I urge you to reconsider, these features are absolutely critical for anyone looking for an AS::Notifications replacement in non-Rails applications. I would completely agree with you if supporting these features made the notifications code way more complicated, but this is a fairly trivial amount of code to unlock some very powerful functionality.
I've rebased this branch with the devtools changes on master.
In general, we're looking at two things here:
- Support for adding more data to the payload within instrumentation blocks
- Support for rescuing and re-raising exceptions
That's why I'd appreciate if this PR could be split into two. I also think that exception handling could be implemented as either a plugin or configurable feature. I'm not sure yet if handling exceptions like in this PR by default is a good idea, especially that you'd like to handle Exception
which is usually risky business.
@paul does this make sense?
I wanted to add docs for these features, but it seems this gem doesn't have any documentation?
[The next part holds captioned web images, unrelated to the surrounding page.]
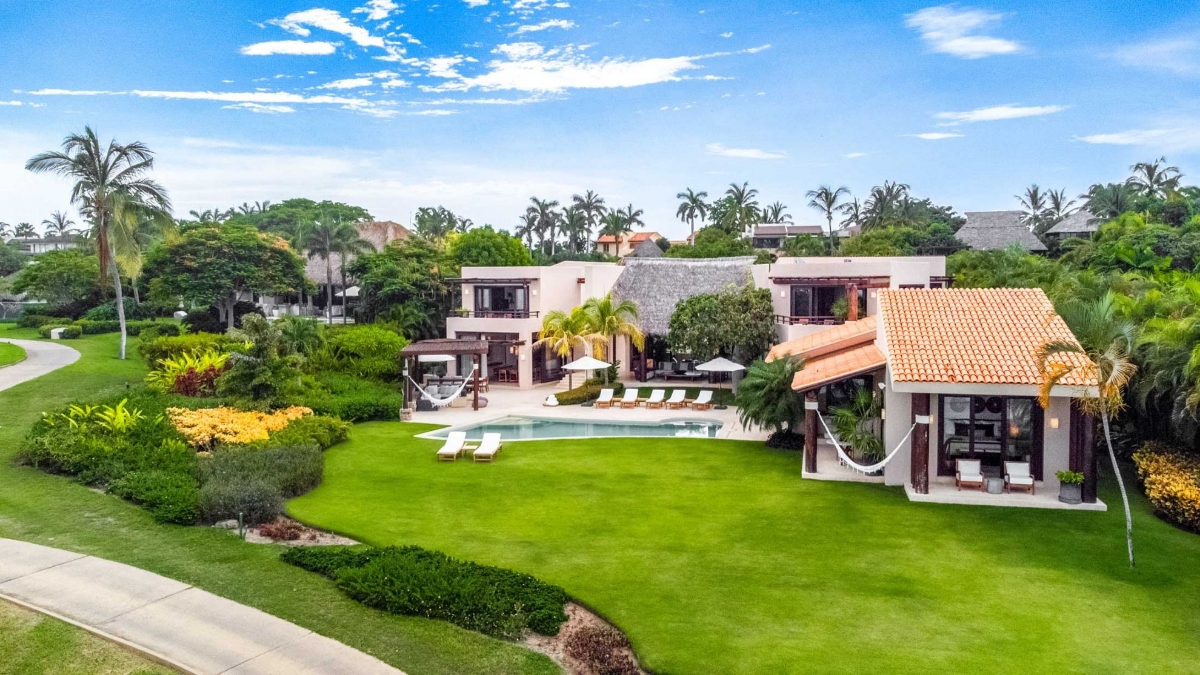 Aerial view of Casa Caída de Agua showcasing tropical gardens, luxury architecture, and expansive outdoor spaces
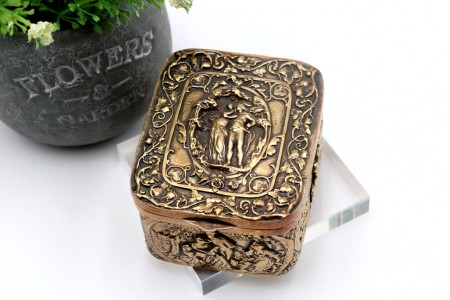 Caixa em prata dourada com relevos idilicos com casal no centro e tampa basculante.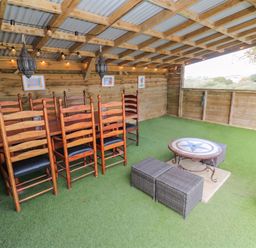 An outdoor dining area with a table and chairs at Five Elements Barn in St Agnes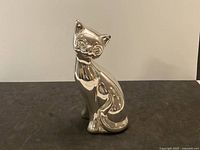 Front view of silver clad cat figurine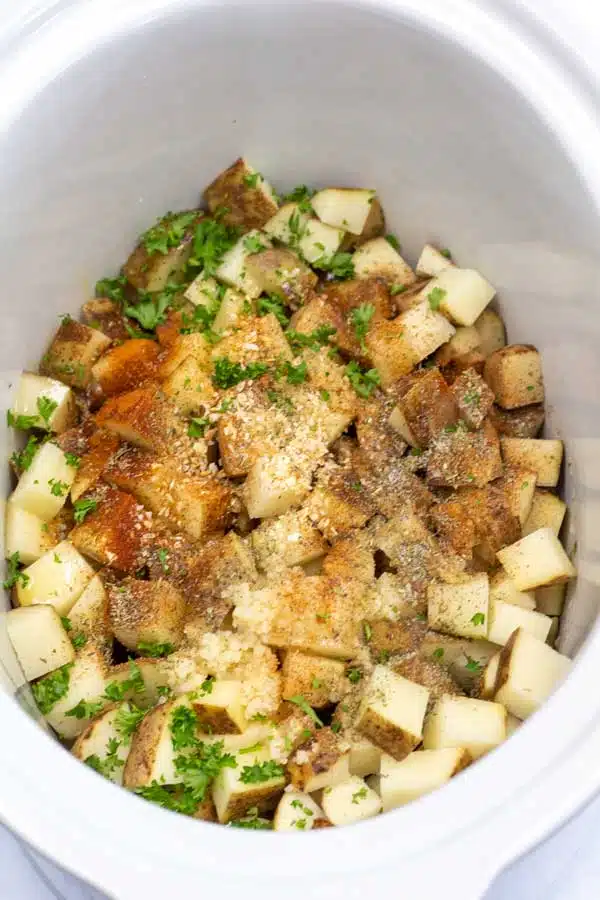 Process image 3 showing cubed potatoes in a crockpot with seasoning.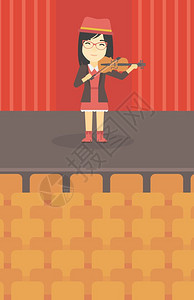音乐厅里演奏古典音乐的小提琴手图片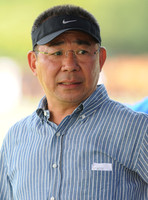 Vichai Raksriaksorn Srivaddhanaprabha wearing polo cap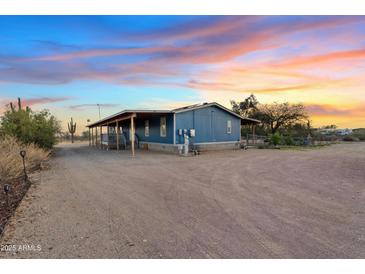 Charming single-story home with a covered porch and desert landscaping at 16643 W Quail Run Rd, Surprise, AZ 85378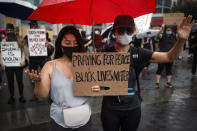 Protesters pray in the rain for a rally at Union Square, Friday, June 5, 2020, in the Manhattan borough of New York. Protests continued following the death of George Floyd, who died after being restrained by Minneapolis police officers on May 25. (AP Photo/John Minchillo)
Yeah dry-monitor is still considered "too beta". We should be able to finally make it stable some time in 2020, then proper docs will be written.
Quick follow-up after talking to @mensfeld about it - he's got a very good point that handling exceptions within the same instrumentation block is an anti-pattern and it makes more sense to do something like this.
I gotta say my brain is not entirely "in the zone" here so I need some time to think about it further. Let's put this on hold for now and I'll get back to you with more thoughts later this month. We can of course continue discussion in the meantime.
@solnic Sure, I can split this into two PRs, no problem.
My reasoning behind rescuing Exception
rather than StandardError
is that in the situation where you're instrumenting some code that makes a network request, and the process gets killed by ^C (SystemExit
) or some other Interrupt
that inherits from Exception
rather than StandardError
, you probably still want to instrument that it happened. Depending on the network request and when it was interrupted, the "change" may have happened on the remote but if there's no corresponding instrumentation event fired.
It looks like @josevalim wrote it into AS::Notifications 10 years ago, but the commit doesn't explain why. I'll see if I can ask him if he remembers. https://github.com/rails/rails/commit/a76c7e68d5e39f5962d9cb85c98e6a8e96f8b3af
Edited to add: I think this makes the most sense if you're instrumenting something that has a log subscriber. Even if the process gets killed before the instrumented block finished, the logger should probably still get called to log the event. I suppose it really depends on what you're using dry-monitor for, if its for "logging and instrumentation" like AS::Notifications, or if its an event bus like Wisper. My use-case was logging and shipping timing metrics to influxdb which I want to happen even if my server dies.
I was fooling around with dry-system and enabled monitoring. I did a few tests with a UserRepo and actually expected the exception to be caught and the subscriber called, with an exception
key or something similar. I also expected the exception to bubble up at the top-level so that it could be caught by callers. Monitoring should be transparent to callers, that I fully agree with.
I did learn about rescuing exceptions within blocks, so thank you @paul for that new bit of knowledge!
@solnic I believe you meant to highlight this block of code? https://github.com/karafka/karafka/blob/c68e0b0462d016ea04e92e88e728d66b5aef7f42/lib/karafka/params/params.rb#L68-L76
Karafka's master changed since the time you created you link and I was confused for a bit because the lines that are highlighted today don't even have any exception handling code.
oh boy, I completely lost track on this one, sorry about that! I'll be working on dry-monitor 1.0.0 for hanami 2.0.0 release, so this will be a good moment for me to revisit this. We'll for sure take this library to the next level, so feedback like the one here is really appreciated.
For now I'm assigning this PR to 1.0.0
milestone.
@solnic I believe you meant to highlight this block of code? https://github.com/karafka/karafka/blob/c68e0b0462d016ea04e92e88e728d66b5aef7f42/lib/karafka/params/params.rb#L68-L76
@francois I don't even remember now, but most likely, yes.